Project Veritas has been lifting back the veil covering big tech companies and their nefarious activities following the 2016 election. They tried to play left-leaning-but-mostly-fair before the 2016 election, believing in their hearts that Hillary Clinton would be President without their concerted meddling. That didn’t work out for them, so they are trying to prevent “another Trump situation” in 2020 by unabashedly purging, silencing, and censoring conservatives on platforms like Facebook, Google, Twitter, Pinterest, Instagram, and YouTube.

The answers delivered today before Congress in response to questions by Representative Dan Crenshaw weren’t the standard denials. They were politically manipulative answers designed to make it known they’re doing what we’ve said they were doing all along, but they feel justified in doing it because “hate speech” must be stopped at all costs. Of course, what constitutes hate speech to the social justice warriors in big tech invariably circles around conservative thought. There is no form of hate speech short of physical threats that can be attributed to progressives, at least not in the minds of the people who control big tech. If conservatives are aggressive, they’re delivering hate speech. If progressives are aggressive, they’re just being truthful. That’s what big tech thinks.

This is the worst-case scenario for conservatives. Before, we could call them liars and cheats. Now, we have to fight them on an ideological level, and while we have the truth on our side, they have the technology. They have the eyeballs. They control what people see and don’t see. And as such, they can no longer be trusted to deliver anything even remotely close to fair and balanced. They’re unhinged from reality, but instead of coming back to reality once exposed, they’re building a new reality around their ideologies.

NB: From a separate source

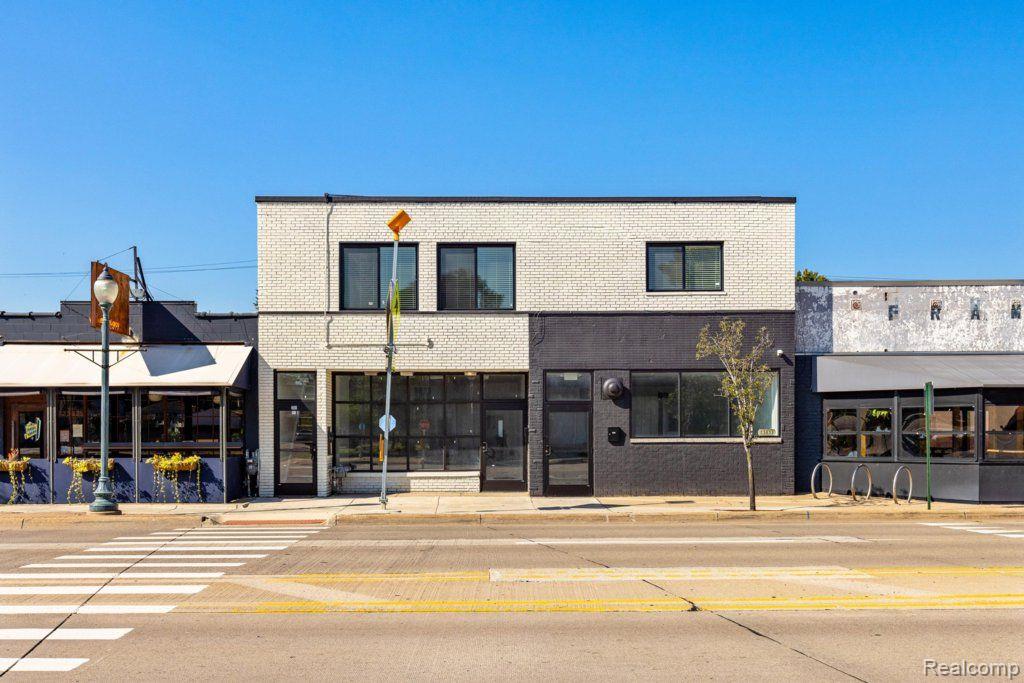 HazelParkCity_Oakland, Michigan 48030, United States, 4 Bedrooms Bedrooms, ,5 BathroomsBathrooms,Residential,Active,104198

It’s not enough that they help Democrats. They have taken it upon themselves to promote a radical progressive ideology in response to President Trump’s victory. By pushing the American collective consciousness to the left with their insane levels of influence, they feel they can win the debate by eliminating the competition altogether.

And unfortunately, they may be right.

In the past, I’ve been opposed to the idea of declawing these companies by taking away their protections under Section 230 of the Communications Decency Act which denotes them as platforms that are not liable for the content their users post. But this protection comes with the caveat that they not act as publishers who expand their belief system through the platforms through the aforementioned purging, silencing, and censoring techniques. Since that’s not the case and possibly never was, this protection must be removed immediately.

If they’re going to censor based on their sensibilities as publishers, then they are not truly platforms and must not be granted protections true platforms receive. It’s time to spank them for the bad things they do. Otherwise, America may be lost.